# Environment Setup for AG News Text Classification

## Overview

This tutorial provides comprehensive setup instructions for the AG News Text Classification project following best practices from:
- Sculley et al. (2015): "Hidden Technical Debt in Machine Learning Systems"
- Amershi et al. (2019): "Software Engineering for Machine Learning: A Case Study"

### Learning Objectives
1. Set up development environment with proper dependencies
2. Verify system requirements and GPU availability
3. Configure project paths and environment variables
4. Validate installation with basic tests

Author: Võ Hải Dũng  
Email: vohaidung.work@gmail.com  
Date: 2025

## 1. System Information

In [None]:
# Standard library imports
import os
import sys
import platform
import subprocess
from pathlib import Path
from typing import Dict, List, Optional, Tuple

# Display system information
print("System Information")
print("="*50)
print(f"Python version: {sys.version}")
print(f"Python executable: {sys.executable}")
print(f"Platform: {platform.platform()}")
print(f"Machine: {platform.machine()}")
print(f"Processor: {platform.processor()}")
print(f"CPU cores: {os.cpu_count()}")

# Memory information
try:
    import psutil
    mem = psutil.virtual_memory()
    print(f"\nMemory Information:")
    print(f"  Total: {mem.total / (1024**3):.2f} GB")
    print(f"  Available: {mem.available / (1024**3):.2f} GB")
    print(f"  Used: {mem.percent:.1f}%")
except ImportError:
    print("\nNote: Install psutil for memory information")

## 2. Project Structure Setup

In [None]:
# Define project root and verify structure
PROJECT_ROOT = Path("../..").resolve()
print(f"Project root: {PROJECT_ROOT}")

# Verify essential directories exist
required_dirs = [
    "src",
    "configs", 
    "data",
    "scripts",
    "tests",
    "notebooks"
]

print("\nVerifying project structure:")
missing_dirs = []
for dir_name in required_dirs:
    dir_path = PROJECT_ROOT / dir_name
    exists = dir_path.exists()
    status = "✓" if exists else "✗"
    print(f"  {status} {dir_name}/")
    if not exists:
        missing_dirs.append(dir_name)

if missing_dirs:
    print(f"\nWarning: Missing directories: {', '.join(missing_dirs)}")
    print("Creating missing directories...")
    for dir_name in missing_dirs:
        (PROJECT_ROOT / dir_name).mkdir(parents=True, exist_ok=True)
    print("Directories created successfully.")

# Add project root to Python path
if str(PROJECT_ROOT) not in sys.path:
    sys.path.insert(0, str(PROJECT_ROOT))
    print(f"\nAdded {PROJECT_ROOT} to Python path")

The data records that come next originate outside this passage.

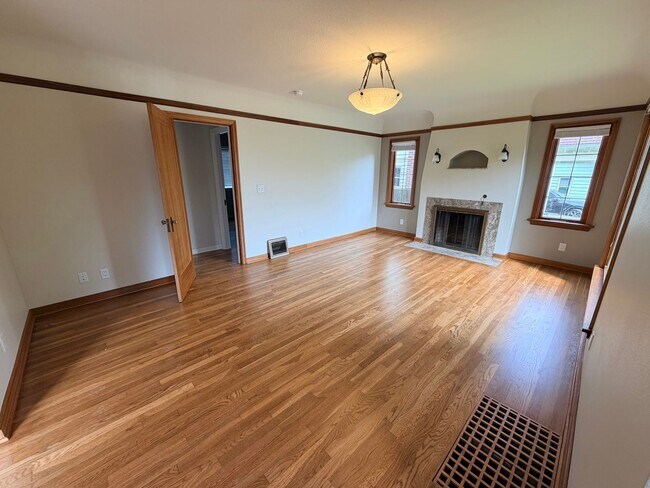 Foto del edificio - Newly Remodeled 3 bedroom/1.5 bath Craftsman in Kenton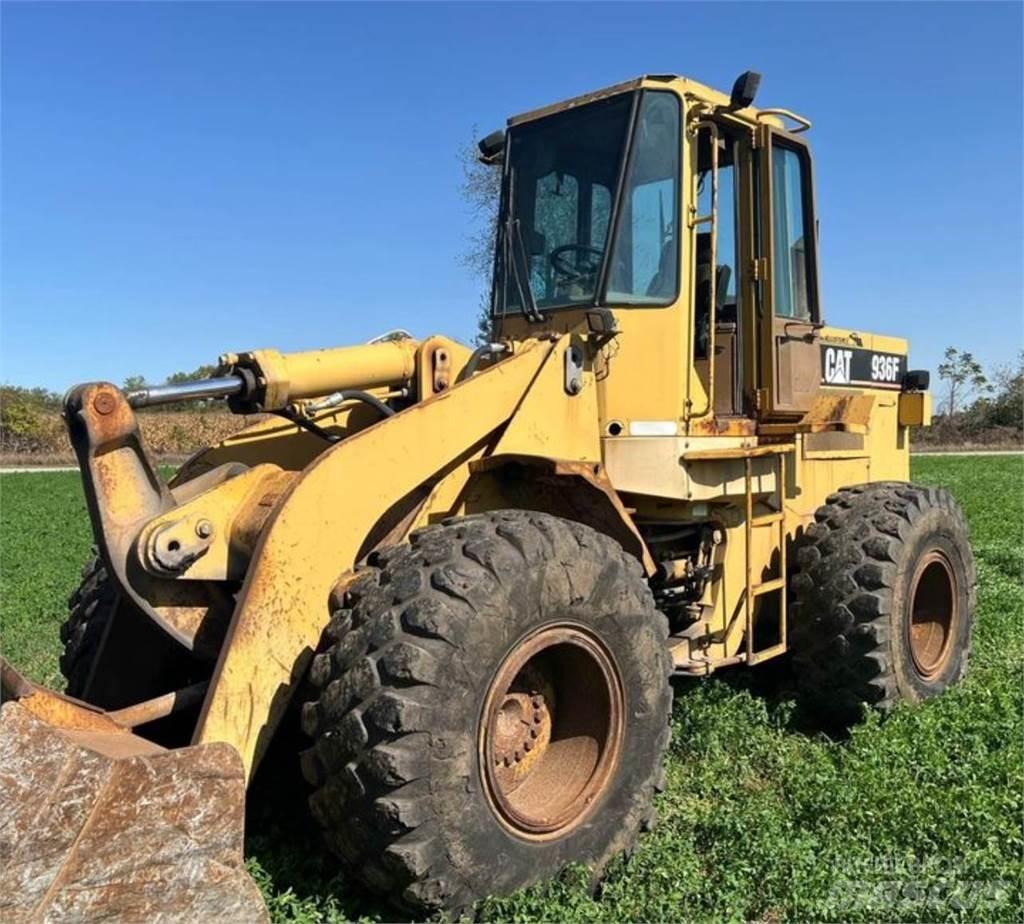 CAT 936F  휠로우더
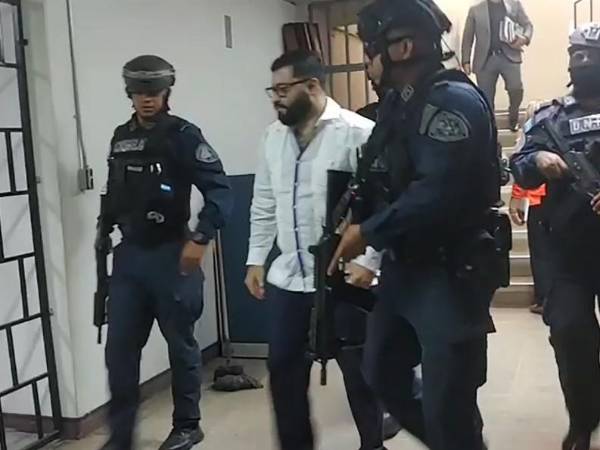 El exjuez Marco Vallecillo enfrenta proceso penal por el delito de extorsión.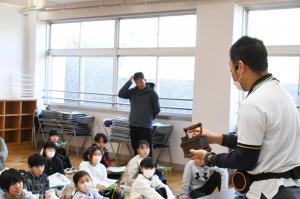 炭火アイロンを手に授業を行う講師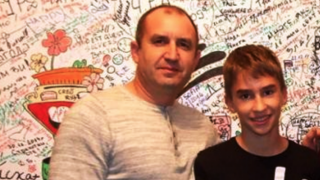 Забъркаха сина на президента в меле за момиче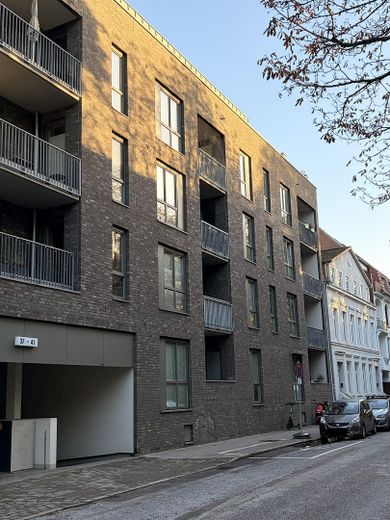 3 Zi Whg Hamburg-Hohenfelde, 72,6 m2 mit TG Stellplatz – Straßenansicht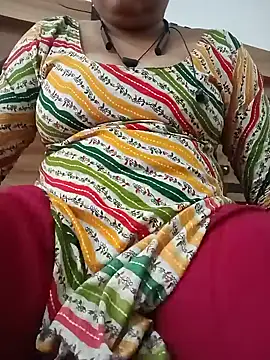 Menka_cut34 webcam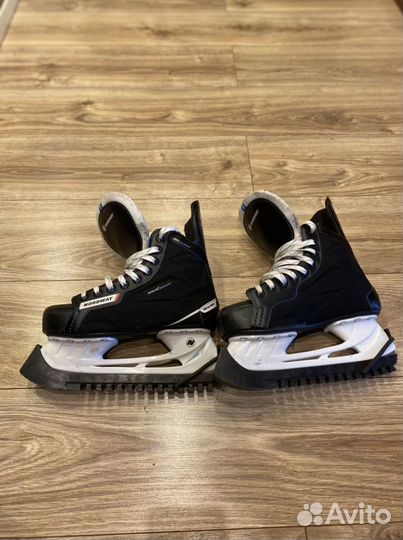 Коньки хоккейные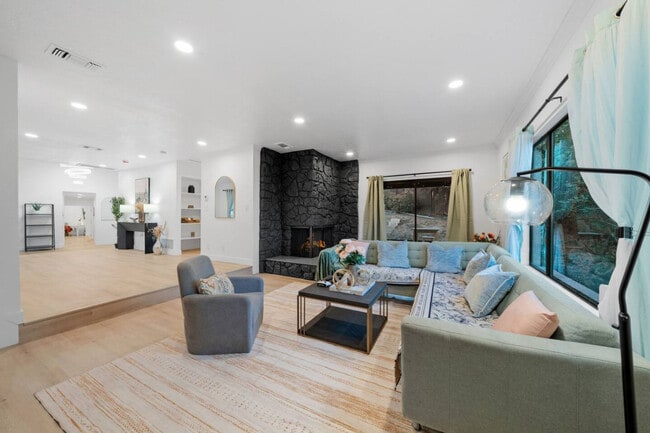 Photo - 5048 Bluff Pl Unit ID1323818P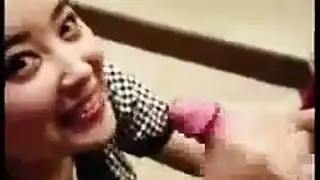 شابة ومثيرة: جلسة نيك في الصالة تبدأ بلقطة خاطفة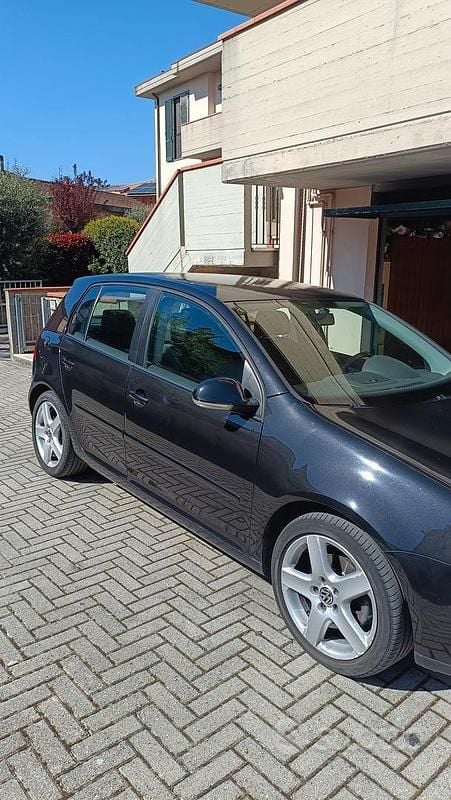Usata VW Golf IV 140 CV (102 kW) 2004 Nero Berlina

## 3. Environment Variables Configuration

In [None]:
# Load environment variables
from pathlib import Path
import os
from typing import Dict

def load_env_file(env_path: Path) -> Dict[str, str]:
    """Load environment variables from .env file."""
    env_vars = {}
    if env_path.exists():
        with open(env_path, 'r') as f:
            for line in f:
                line = line.strip()
                if line and not line.startswith('#') and '=' in line:
                    key, value = line.split('=', 1)
                    env_vars[key.strip()] = value.strip()
    return env_vars

# Check for .env file
env_file = PROJECT_ROOT / ".env"
env_example = PROJECT_ROOT / ".env.example"

if not env_file.exists() and env_example.exists():
    print("Creating .env file from .env.example...")
    import shutil
    shutil.copy(env_example, env_file)
    print("Please update .env file with your configuration.")

# Load environment variables
if env_file.exists():
    env_vars = load_env_file(env_file)
    print(f"Loaded {len(env_vars)} environment variables from .env")
    
    # Set environment variables
    for key, value in env_vars.items():
        os.environ[key] = value
else:
    print("No .env file found. Using default configuration.")

# Display important environment variables (without sensitive values)
print("\nEnvironment Configuration:")
important_vars = [
    "PROJECT_NAME",
    "ENVIRONMENT", 
    "LOG_LEVEL",
    "CUDA_VISIBLE_DEVICES"
]

for var in important_vars:
    value = os.environ.get(var, "Not set")
    # Mask sensitive values
    if "KEY" in var or "SECRET" in var:
        value = "***" if value != "Not set" else value
    print(f"  {var}: {value}")

## 4. Dependencies Installation

In [None]:
# Check and install required packages
import subprocess
import importlib.util

def check_package(package_name: str) -> bool:
    """Check if a package is installed."""
    spec = importlib.util.find_spec(package_name)
    return spec is not None

# Define package groups
package_groups = {
    "Core": ["numpy", "pandas", "scipy", "scikit-learn"],
    "Deep Learning": ["torch", "transformers", "datasets", "tokenizers"],
    "Visualization": ["matplotlib", "seaborn", "plotly"],
    "Utilities": ["tqdm", "pyyaml", "python-dotenv", "requests"]
}

print("Package Installation Status:")
print("="*50)

missing_packages = []
for group, packages in package_groups.items():
    print(f"\n{group}:")
    for package in packages:
        # Handle special cases for import names
        import_name = package
        if package == "scikit-learn":
            import_name = "sklearn"
        elif package == "python-dotenv":
            import_name = "dotenv"
        elif package == "pyyaml":
            import_name = "yaml"
            
        installed = check_package(import_name)
        status = "✓" if installed else "✗"
        print(f"  {status} {package}")
        
        if not installed:
            missing_packages.append(package)

if missing_packages:
    print(f"\nMissing packages: {', '.join(missing_packages)}")
    print("\nTo install missing packages, run:")
    print(f"pip install {' '.join(missing_packages)}")
else:
    print("\nAll required packages are installed!")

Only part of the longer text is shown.